Histopathological evaluation of the effects of dietary SSA consumption on the TRAMP epithelial lesions and NE-like carcinomas. A, Typical AR-dependent glandular epithelial lesions in the DLP and VP lobes of the TRAMP vs. histology of the wild type mice (magnification, 200x). IHC staining: E-cad, E-cadherin; Syn, synaptophysin; AR, androgen receptor. B, typical AR-negative NE-carcinomas. All the NE-like lesions were poorly differentiated (PD) lesions, synaptophysin-positive (arrow), but absent of E-cadherin and AR. The trapped glands (*) were E-cadherin- and AR-positive (arrow head), but absent of synaptophysin. C, Distribution patterns of the AR-dependent glandular epithelial lesions among the specific groups. WT−, wild type mice without SSA supplement (n=8); WT+, wild type mice with 2000ppm SSA (n=9); TRAMP−, TRAMP mice without SSA supplement (n=17); TRAMP+, TRAMP mice with 2000ppm SSA (n=17). N: normal; LP: low grade PIN (prostatic intraepithelial neoplasia), HP: high grade PIN, WD: well-differentiated carcinoma, MD: moderate-differentiated carcinoma.
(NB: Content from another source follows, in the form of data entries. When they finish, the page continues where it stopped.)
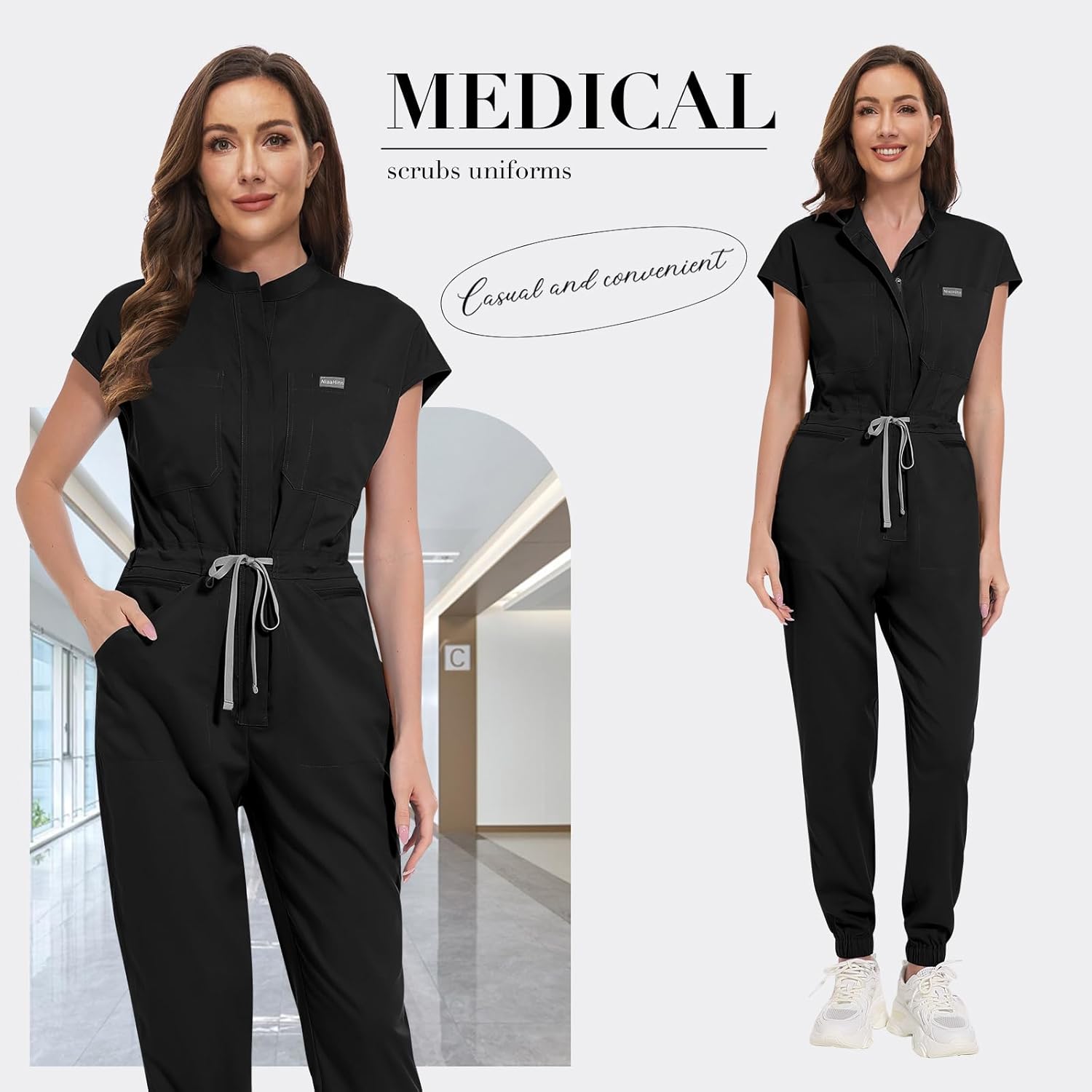 VIAOLI Scrub Jumpsuit One-piece Short-sleeved Scrub Set Belted Jogging Yoga Pants Scrub Uniforms for Women Set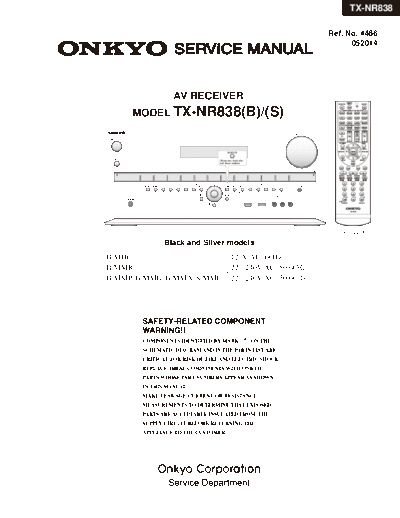 Onkio TX-NR838SM Service Manual Receiver Onkio TX-NR838SM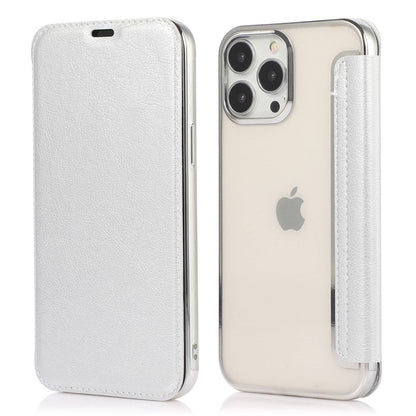 For iPhone 14 6.1 inch PU Leather Flip Case Transparent TPU Back Stand Function Electroplating Cover with Card Holder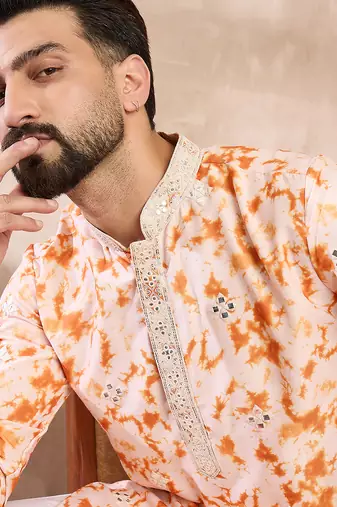Men orange silk blend solid embroidered straight kurta with trouser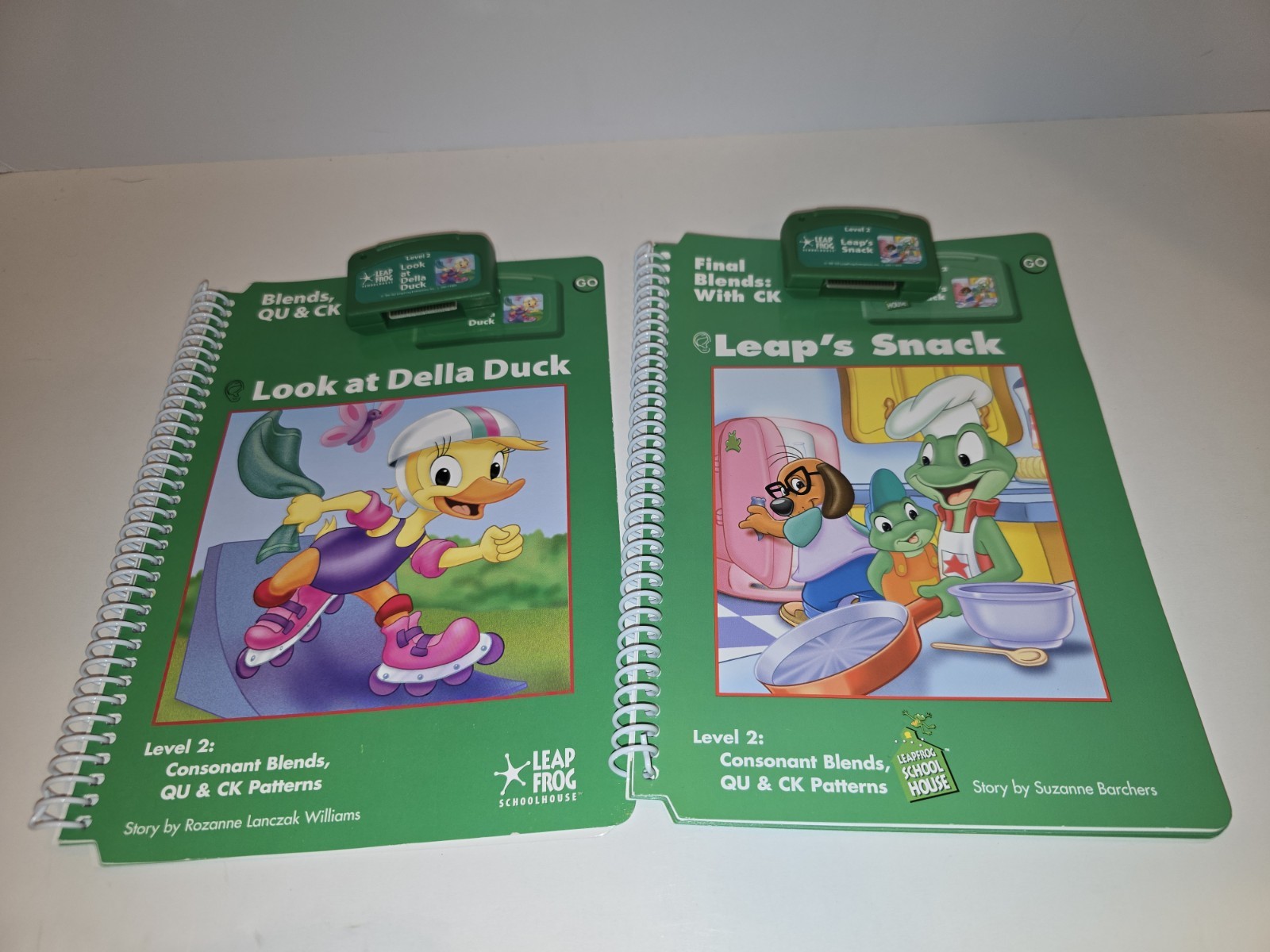 Leap Frog School House LEVEL 2 Final Blends QU CK Leaps Snack Look At Della Duck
Mean ± SEM. Statistical significance from TRAMP(−) group was calculated by 2-tailed t-test. D, Summary of the AR-independent NE-carcinomas and metastases. PD, poorly differentiated carcinoma.

Fig. 5

Western blot analyses of effects of SSA on molecular biomarkers in TRAMP. DLP and NE-Ca: DLP lobes and NE-like carcinomas. WT: wild type mice, TRAMP+: SSA supplemented TRAMP mice. Syn: synaptophysin, E-cad: E-cadherin

Fig. 6

Detection of SSA and its back conversion product sulindac sulfide in (A) serum, mean ± SEM, N = 5 and (B) in anterior prostate gland, each bar represents an individual mouse. * indicates below limit of detection.